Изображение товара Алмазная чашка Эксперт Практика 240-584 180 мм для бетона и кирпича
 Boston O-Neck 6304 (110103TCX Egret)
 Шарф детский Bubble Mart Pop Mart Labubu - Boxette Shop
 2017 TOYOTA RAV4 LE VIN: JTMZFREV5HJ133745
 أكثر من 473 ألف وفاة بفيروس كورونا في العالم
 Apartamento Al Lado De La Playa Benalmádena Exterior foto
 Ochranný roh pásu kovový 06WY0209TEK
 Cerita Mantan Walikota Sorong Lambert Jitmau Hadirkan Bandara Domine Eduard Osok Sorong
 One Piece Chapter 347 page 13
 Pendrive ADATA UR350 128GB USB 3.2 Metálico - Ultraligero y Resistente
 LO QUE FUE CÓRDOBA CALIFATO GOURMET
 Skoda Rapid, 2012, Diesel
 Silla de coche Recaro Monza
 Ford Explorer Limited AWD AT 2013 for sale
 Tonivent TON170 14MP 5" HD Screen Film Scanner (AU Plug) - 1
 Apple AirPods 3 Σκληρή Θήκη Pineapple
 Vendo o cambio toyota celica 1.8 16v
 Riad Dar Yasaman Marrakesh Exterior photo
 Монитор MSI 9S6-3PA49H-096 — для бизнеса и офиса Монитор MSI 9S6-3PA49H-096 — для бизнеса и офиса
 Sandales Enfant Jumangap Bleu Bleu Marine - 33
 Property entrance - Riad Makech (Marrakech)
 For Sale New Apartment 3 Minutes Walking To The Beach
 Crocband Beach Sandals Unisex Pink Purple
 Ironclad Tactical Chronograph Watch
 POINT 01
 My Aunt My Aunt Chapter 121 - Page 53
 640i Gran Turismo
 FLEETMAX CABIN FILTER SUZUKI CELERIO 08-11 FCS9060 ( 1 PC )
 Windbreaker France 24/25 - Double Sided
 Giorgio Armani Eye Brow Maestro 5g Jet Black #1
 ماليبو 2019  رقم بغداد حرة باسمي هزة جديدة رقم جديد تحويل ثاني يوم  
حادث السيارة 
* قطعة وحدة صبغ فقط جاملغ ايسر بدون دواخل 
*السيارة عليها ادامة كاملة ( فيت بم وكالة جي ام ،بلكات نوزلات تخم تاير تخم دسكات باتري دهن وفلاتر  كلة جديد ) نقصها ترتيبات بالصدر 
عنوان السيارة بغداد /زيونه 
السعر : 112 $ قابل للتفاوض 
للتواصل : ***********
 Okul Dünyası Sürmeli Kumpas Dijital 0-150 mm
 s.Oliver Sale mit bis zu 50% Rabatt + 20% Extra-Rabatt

━━━━━━━━━━

PROBLEM DESCRIPTION
Read through the material above, and whenever a line contains "Beach", copy it.

WRITTEN SOLUTION
 For Sale New Apartment 3 Minutes Walking To The Beach
 Crocband Beach Sandals Unisex Pink Purple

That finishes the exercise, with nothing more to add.